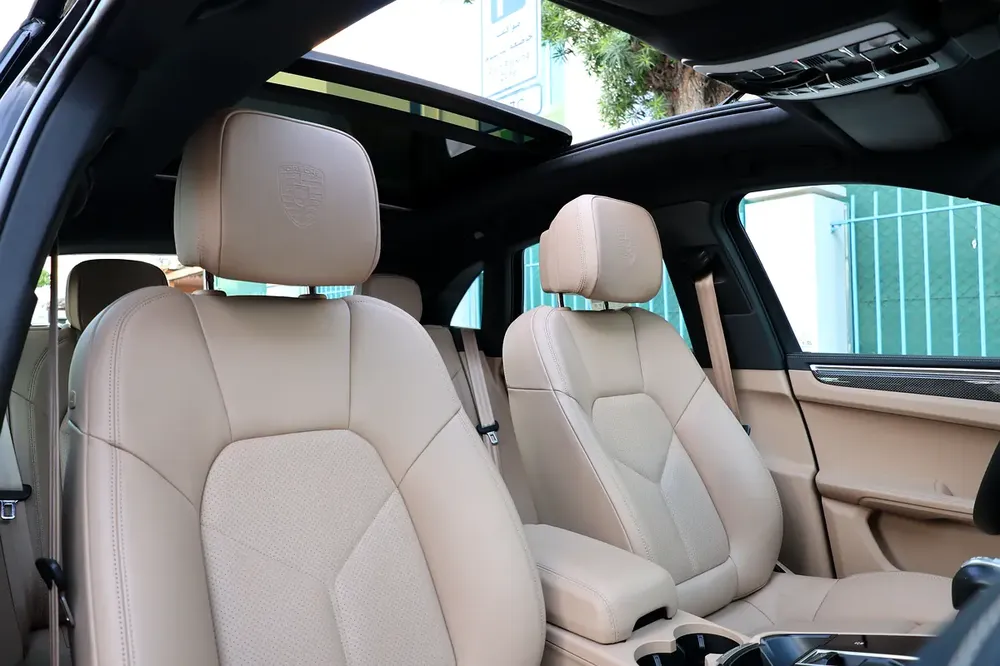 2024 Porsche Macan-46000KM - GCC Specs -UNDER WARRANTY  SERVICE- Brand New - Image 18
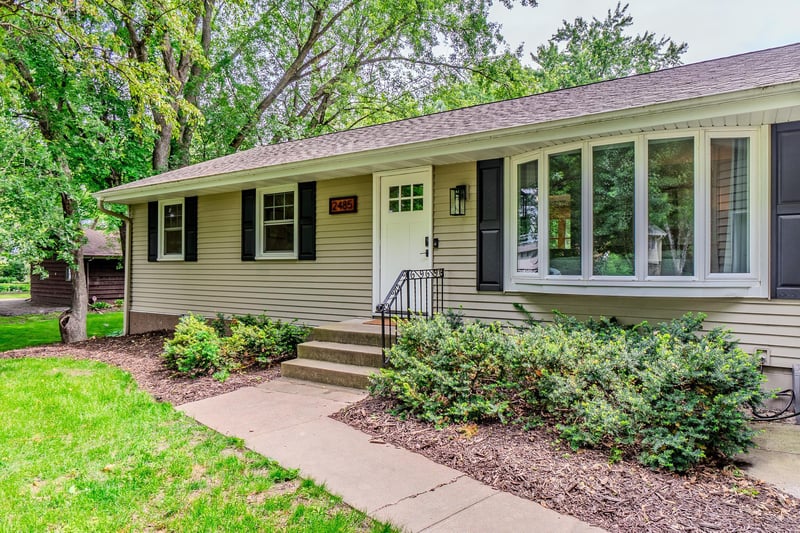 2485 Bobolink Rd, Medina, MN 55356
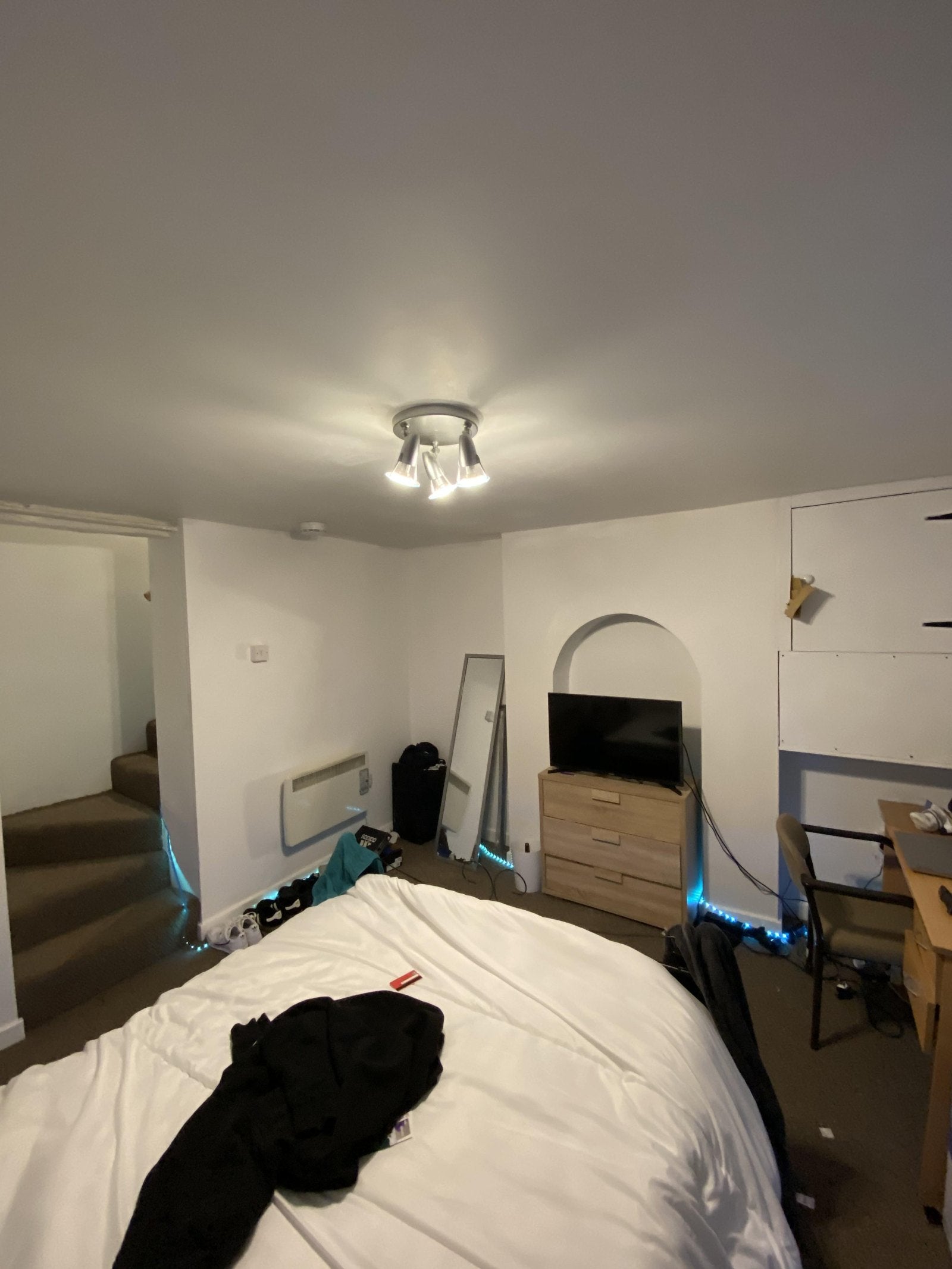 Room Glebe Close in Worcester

● ● ● ●

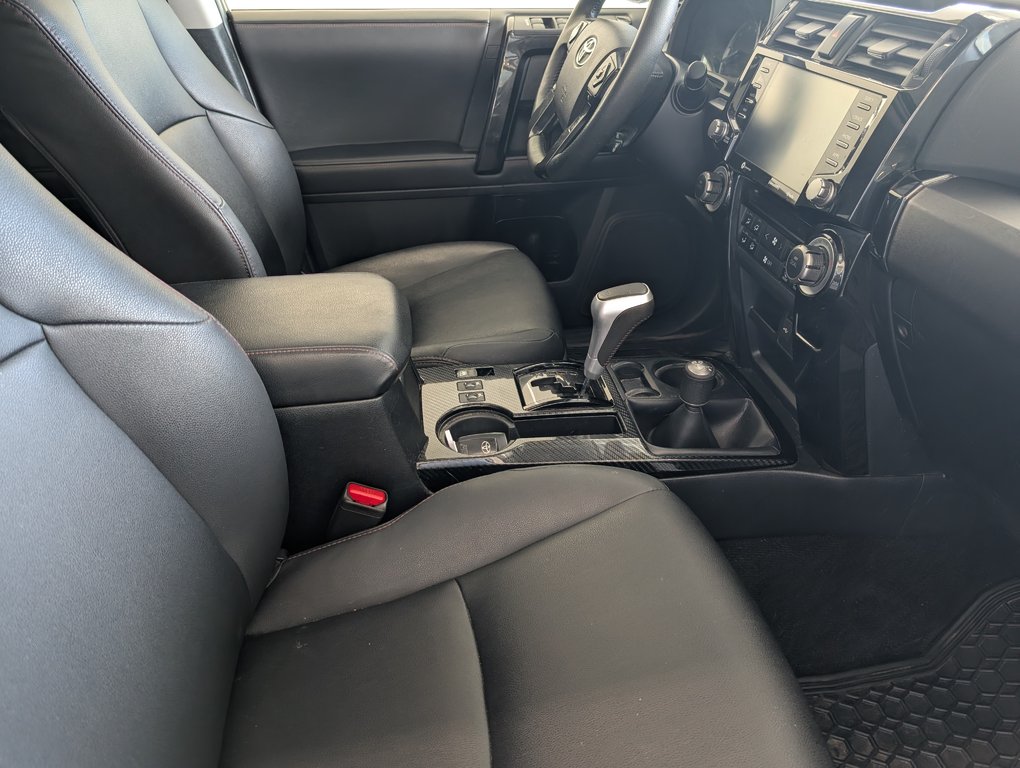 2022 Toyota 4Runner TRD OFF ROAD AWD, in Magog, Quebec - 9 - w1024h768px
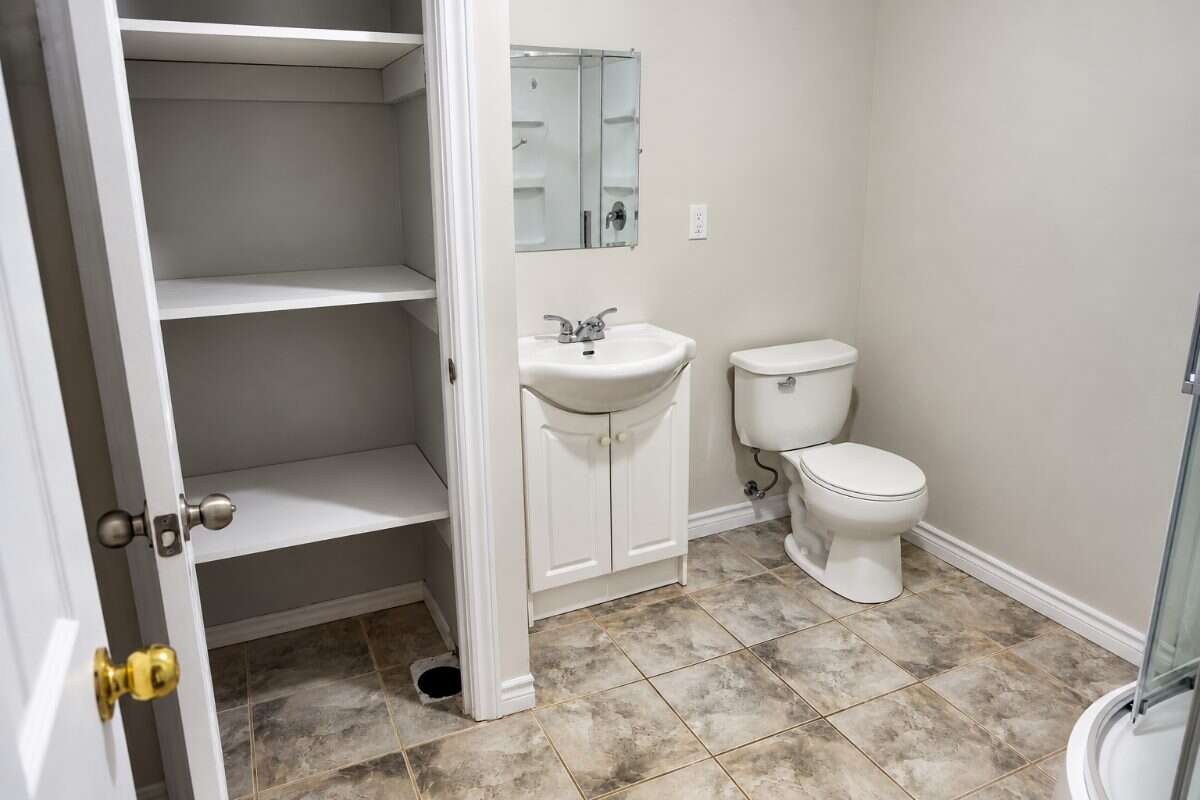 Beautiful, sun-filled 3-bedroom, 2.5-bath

● ● ● ●

▶ _Work item_
Repeat, word for word, the lines of the material above from the one holding "2485 Bobolink Rd, Medina, MN 55356" through the one holding "Room Glebe Close in Worcester". Leave out pictures.

▶ _Solved problem_
 2485 Bobolink Rd, Medina, MN 55356
 Room Glebe Close in Worcester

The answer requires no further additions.